I would not call someone else's computer a viable "cloud" solution. That's just someone sharing access to their computer. A real cloud "service" has multiple data centers across the globe, each with racks and racks of computers working in concert. Big difference.


----------



## trparky (Sep 3, 2019)

Bill_Bright said:


> I would not call someone else's computer a viable "cloud" solution. That's just someone sharing access to their computer. A real cloud "service" has multiple data centers across the globe, each with racks and racks of computers working in concert. Big difference.


He's boiling it down to a simple statement. He's referring to the idea that the cloud is a computer (or groups of computers) that you, yourself, don't own and don't have control over. It stems from the idea that if you don't control it, don't trust it. However, we can't think like that anymore. If we go by that very strict kind of thinking the Internet itself wouldn't work. Your data passes through God knows how many systems as it travels the globe, you have to have some kind of trust or you wouldn't use the Internet.


----------



## Bill_Bright (Sep 3, 2019)

trparky said:


> Your data passes through God knows how many systems...


Passing through is a totally different concept than users purposely storing their data out there - as if it were another drive attached to their systems.


----------



## lexluthermiester (Sep 3, 2019)

Steevo said:


> There is no cloud, it's just someone else's computer. I have full control of my computer, and almost no control of theirs.


Very well said!


----------



## Bill_Bright (Sep 3, 2019)

Cloud is just a marketing term. If you want to get literal, then sure, there is no cloud. But is that the point? No. 

The point of "the cloud" is there is a "place" (regardless the fact it is "virtual") where data is stored that can be accessed from any device with Internet access. 

Whether you trust the cloud to store your data or not is an individual decision. But many individuals and companies do - and without problems. Me? Again I do trust the cloud to not lose my data. I just don't trust it to keep it secure. So (partly due to my age) it is likely I will never in my lifetime store any personal or sensitive files out there I would not want the bad guys to get ahold of.


----------



## AvrageGamr (Sep 3, 2019)

Love it. Storage, fantastic. Not every pic or vid I take with my cell I want to stick on a hd. Who doesn't use some sort of online storage nowadays? Not every piece of data is worth buying a hd to store it on. Audio, video streaming also takes less space on my hd.


----------



## P4-630 (Sep 9, 2019)




----------



## Vayra86 (Dec 9, 2022)

AvrageGamr said:


> Love it. Storage, fantastic. Not every pic or vid I take with my cell I want to stick on a hd. Who doesn't use some sort of online storage nowadays? Not every piece of data is worth buying a hd to store it on. Audio, video streaming also takes less space on my hd.
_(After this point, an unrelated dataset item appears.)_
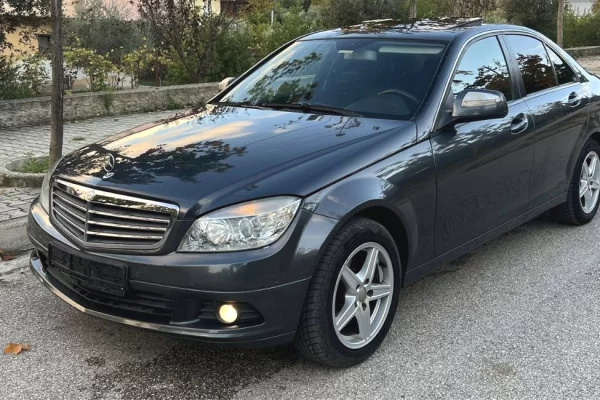 Auto in Vendita a Tirana - 4,800 Euro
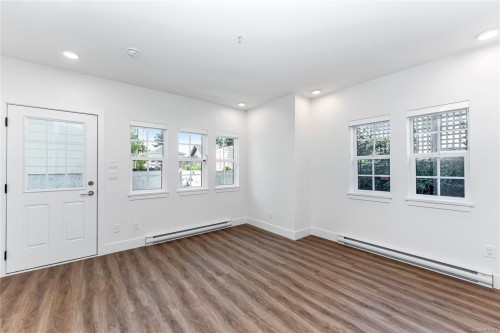 102 C-1224 Richardson St, Victoria, BC - Indoor Photo Showing Other Room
I don't, except for e-mail, with a specific reason: you don't want it locally, because you want access to it everywhere. You can't store email offline and use it. This is a marked difference with entertainment/content, audio video or picture.

Every time I did use cloud storage, it would end up somehow changed by the time I wanted to re-use it. Google cloud is like that. Policies and processes change all the time, they rename or merge apps, etc. That was confirmation of gut feeling: you don't want to leave anything in another company's hands. That's not even considering the technical problem of privacy. If you put it on cloud, you just don't know if you have it anymore.
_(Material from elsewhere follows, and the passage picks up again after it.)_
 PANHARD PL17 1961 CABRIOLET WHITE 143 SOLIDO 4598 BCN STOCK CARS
The real question is why would you keep saving all those crappy cell phone photo's of which the better half is probably meme material or just utterly horrible to look at or originated from a Whatsapp folder. Somehow we've gone from selecting every photo by hand (non digital photography) to mass collection of the most useless crap 'because why not'.

Well, that's why not. Its time to question and re-evaluate all those silly demands we've convinced ourselves of. They're utterly wasteful and they're a way to make you depend on services.


----------



## kapone32 (Dec 9, 2022)

Every Year I get an email from Asus to take advantage of 100GB of Cloud storage and I have never used it. Then there is One Drive that I wish I could turn off completely but Windows is just as guilty as the rest of them of trying to goad you into storing data outside of your own array. It is my opinion that MBs have PCIe lanes, SATA ports and M2 slots for exactly that reason. Of course the narrative has been such that people have been conditioned to having themselves exposed to the Internet like it is inert with no regard. When I think of the Cloud I think of MMO Games that you can no longer play.


----------



## Vayra86 (Dec 9, 2022)

kapone32 said:


> Every Year I get an email from Asus to take advantage of 100GB of Cloud storage and I have never used it. Then there is One Drive that I wish I could turn off completely but Windows is just as guilty as the rest of them of trying to goad you into storing data outside of your own array. It is my opinion that MBs have PCIe lanes, SATA ports and M2 slots for exactly that reason. Of course the narrative has been such that people have been conditioned to having themselves exposed to the Internet like it is inert with no regard. When I think of the Cloud I think of MMO Games that you can no longer play.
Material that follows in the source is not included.